I will do whatever I can for that little boy. I will make his childhood as normal as can be. I will cook low protein foods and buy whatever I can so that he can enjoy food like the rest of us.

But for now, I hold onto HOPE that by the time he is 5 or 10 yrs old there will be something to allow him to eat a normal diet and he will never remember being any different.

Wednesday, January 14, 2009

I'm back


WOW-- it has been a while since my last post. The pregnancy went along pretty uneventful, except I had placenta previa. C-Sections are required when there is a previa, obviously, because the placenta is blocking the escape hatch. The C-section was pretty easy, recovery was easy and breast-feeding was just starting to click.

Davis Merrill W. was born on October 13, 2008 at 7:37am. He was 6 lbs 7 oz and 18 inches long. He is absolutely adorable!



Then... we got the call...

Our pediatricians office called to say that Davis had had an abnormal result on his newborn screening and that we needed to take him down to Children's Hospital and have it redone. His phenylalanine level was high, possibly indicating PKU. I had heard of PKU and new a little about it. I knew enough about it that I knew it was not good. I called my husband in tears, who was working an hour and half away, and he decided to come home immediately. I was at my Mom's house- so me, Davis, my Mom and Garrett headed down to Children's for the diagnosis that would change our lives!

It was confirmed the next day that he did have PKU.

What is PKU??? His body lacks an enzyme that is responsible for converting Phenylalanine (Phe)into Tyrosine.
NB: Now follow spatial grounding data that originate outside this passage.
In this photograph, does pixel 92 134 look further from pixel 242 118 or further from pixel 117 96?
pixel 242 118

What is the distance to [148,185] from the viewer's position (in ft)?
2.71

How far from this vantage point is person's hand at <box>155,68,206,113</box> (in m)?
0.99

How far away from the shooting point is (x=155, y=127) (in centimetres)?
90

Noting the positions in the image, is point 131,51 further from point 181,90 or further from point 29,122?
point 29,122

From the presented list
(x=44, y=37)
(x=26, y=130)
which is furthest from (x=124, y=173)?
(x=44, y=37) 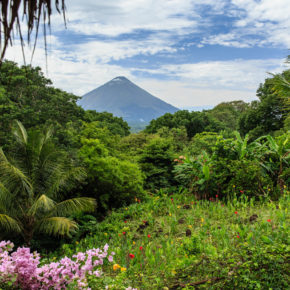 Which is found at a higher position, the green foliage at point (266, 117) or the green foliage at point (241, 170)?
the green foliage at point (266, 117)

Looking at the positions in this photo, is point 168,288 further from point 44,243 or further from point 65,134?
point 65,134

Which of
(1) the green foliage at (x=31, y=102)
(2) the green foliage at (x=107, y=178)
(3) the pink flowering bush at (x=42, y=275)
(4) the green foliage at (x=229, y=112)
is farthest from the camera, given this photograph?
(4) the green foliage at (x=229, y=112)

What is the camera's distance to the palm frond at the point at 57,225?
6.75 m

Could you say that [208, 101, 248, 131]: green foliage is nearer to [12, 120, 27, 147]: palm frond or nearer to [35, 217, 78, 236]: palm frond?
[12, 120, 27, 147]: palm frond

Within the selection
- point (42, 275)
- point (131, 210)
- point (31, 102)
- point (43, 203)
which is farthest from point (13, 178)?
point (31, 102)

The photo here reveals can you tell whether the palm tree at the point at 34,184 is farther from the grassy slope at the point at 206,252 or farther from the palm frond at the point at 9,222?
the grassy slope at the point at 206,252

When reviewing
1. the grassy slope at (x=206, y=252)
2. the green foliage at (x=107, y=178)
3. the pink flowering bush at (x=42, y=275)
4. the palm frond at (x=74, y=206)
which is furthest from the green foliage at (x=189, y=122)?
the pink flowering bush at (x=42, y=275)

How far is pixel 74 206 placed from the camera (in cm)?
758

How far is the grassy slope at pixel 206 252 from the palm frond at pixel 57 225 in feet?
2.79

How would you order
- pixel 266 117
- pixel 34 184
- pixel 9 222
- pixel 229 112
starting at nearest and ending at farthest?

When high levels of Phe build up in the body, it becomes toxic to the brain-causing brain damage and mental retardation, among other things. Phenylalanine is found mostly in foods containing high amounts of protein. The Phe levels can be controlled by diet and he can maintain a normal life by following a very strict diet. The diet consists of a formula that he will have to drink for the rest of his life. This provides all of the nutrients and vitamins and calories that he can't get from food. His diet will consist of mainly fruits and vegetables. He will never have any protein (animal or plant) and starches may be eaten in moderation. Imagine a child going through life with no chicken nuggets, pizza, ice cream, corn dog, etc...
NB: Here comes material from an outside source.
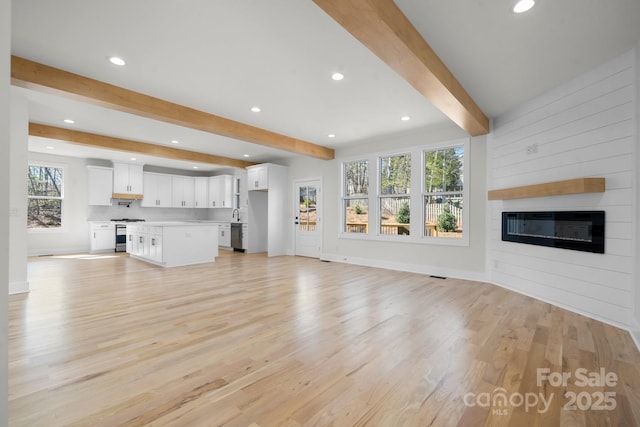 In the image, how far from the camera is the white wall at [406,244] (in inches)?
195

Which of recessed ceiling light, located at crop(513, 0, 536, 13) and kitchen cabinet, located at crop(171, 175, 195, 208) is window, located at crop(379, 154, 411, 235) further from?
kitchen cabinet, located at crop(171, 175, 195, 208)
It really sucks- I know it could be worse- but it is pretty bad. It is something that he will have to deal with his whole life. I really worry about how he will be treated in Jr. High when kids are so cruel. And in college when he can't drink beer. And at birthday parties when he can't eat pizza at Chuck E Cheese or have cake and ice cream. And when he goes over to friends' houses to play and he has to bring his own food. I still cry when I think about those things and how different his childhood will be due to his diet.

We have to go down to Children's weekly for blood draws to make sure his Phe level is between 2-6. Over 6 is too high and could cause brain damage, below 2 is too low and could cause him not to grow. This week we were at .7- so we have changed his formula recipe to get it up. Two weeks ago it was 15 and I freaked out! Of course the level has to be high for a period of time to cause brain damage, but that is all I could think about.
Anyway when we go down to Children's I see kiddos that are worse off than him. It makes me feel bad to be sad about his diagnosis because it could be worse. I know that. But still no one wants something to be wrong with their child, no one wants their child to be different.

So that is where we are now- dealing with PKU. This blog will probably mostly focus on the dealings of PKU and the diet.